「舞わす」 〜 陶淵明「形天舞干戚」句の解 〜

 雪隠書目の一つ、松枝茂夫・和田武司訳注『陶淵明全集』(岩波文庫)もようやく下巻に進み、いよいよ私の大好きな「読山海経(山海経を読む)」にかかりました。これは初夏の風が爽やかに吹き抜ける一室で、神話伝説を盛った古代中国の地理書である「山海経」を繙(ひもと)いている陶淵明が、興のおもむくままに経中のエピソードに付した五言詩を13首集めたものです。
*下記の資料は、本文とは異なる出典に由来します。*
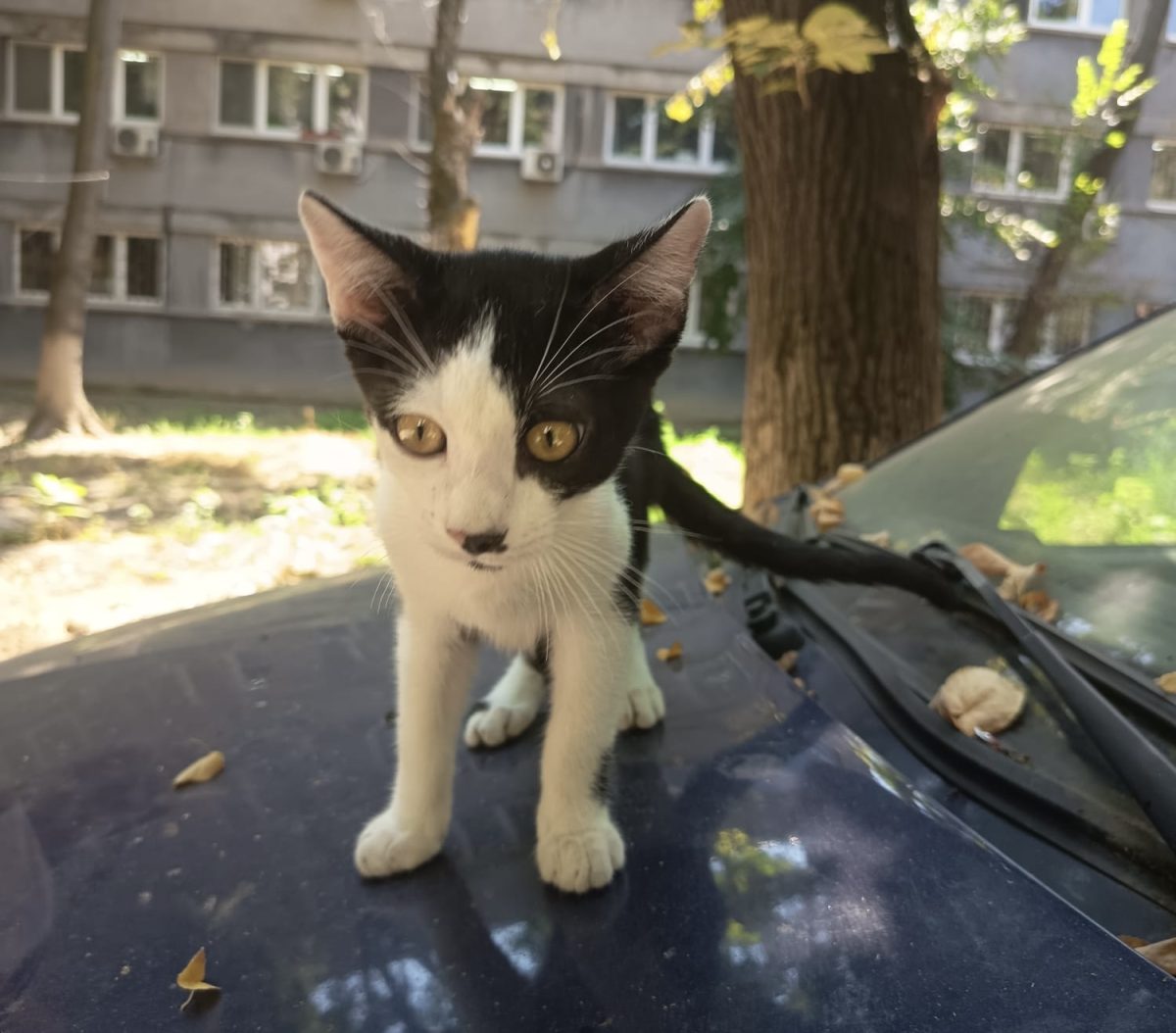 Doi fratiori isi cauta cu disperare casuțe!💙💙💙
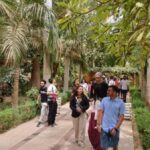 Éclat de la jardinière à l'occasion de Sham el-Nessim : stations-service en alerte et préparation pour la récolte du blé !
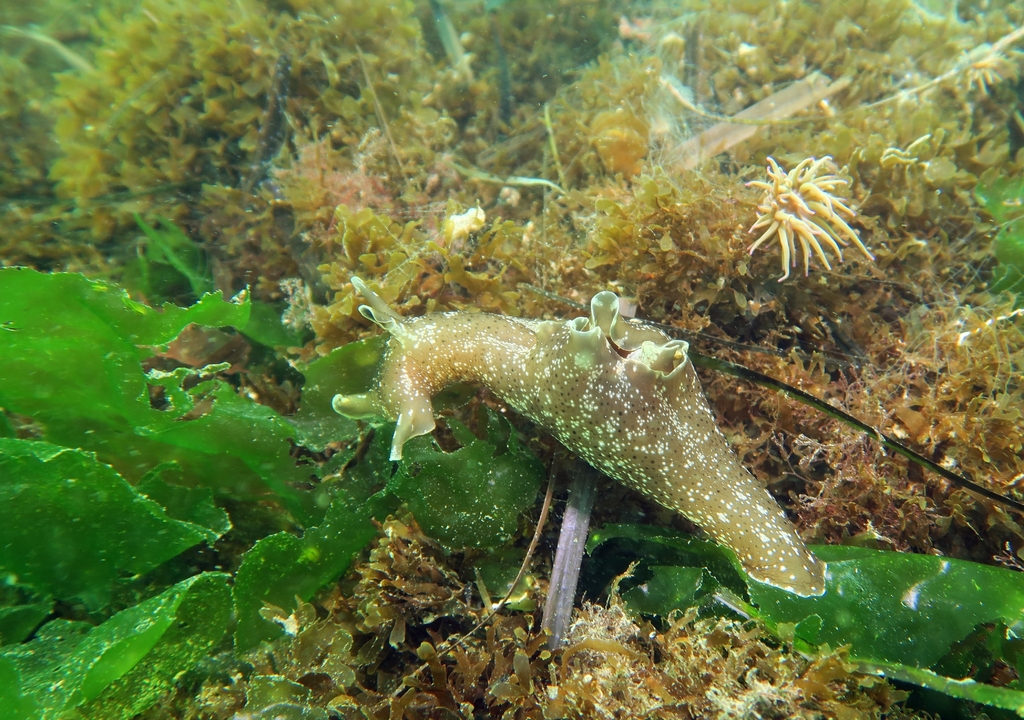 Spotted Seahare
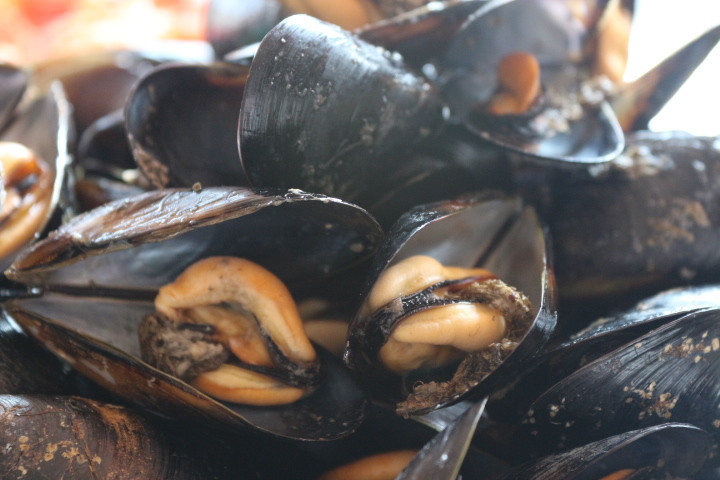 無與倫比的美味：長島國際度假區(qū)的海鮮盛宴 - 西園的貓 - 風從海面吹過來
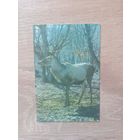 Календарик 1989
この13首のうち最も知られているのが「精衛銜微木 将以填滄海(精衛(せいえい)微木(びぼく)を銜(ふく)み 将(まさ)に以て滄海を填(うず)めんとす)」で始まる第10首「其十」でしょう。
 ところでこれの次の節は「形天舞干戚 猛志固常在(形天(けいてん)干戚(かんせき)を舞わし 猛志(もうし)固(もと)より常に在り)」と続くのですが、この「舞」字に付けた「舞わし」という訓には実にゆかしいものがあります。この字は鈴木虎雄『陶淵明詩解』にも同じく「(干戚を)舞はす」(旧仮名遣い)と訓んであり、おそらく古くからの訓なのでしょう。ただし松枝・和田がこの句の解を「形天という獣は、盾と斧をふりまわして」としているのに対し、鈴木が「又形天といふふしぎなものは(首が断ちきられても目と口があつて)盾や斧をとつて舞ををどるといふ」としているのはやや厳密を欠くようです。形天が自分で舞をおどるのなら「舞はす」ではなく「舞ふ」と訓むべきで、「干戚を舞はす」と訓んだ以上は松枝・和田の解のように「盾と斧をふりまわ」すと解するのが穏当でしょう。思うに鈴木は「舞わす / 舞はす」という語に馴染みがなかったのではないでしょうか。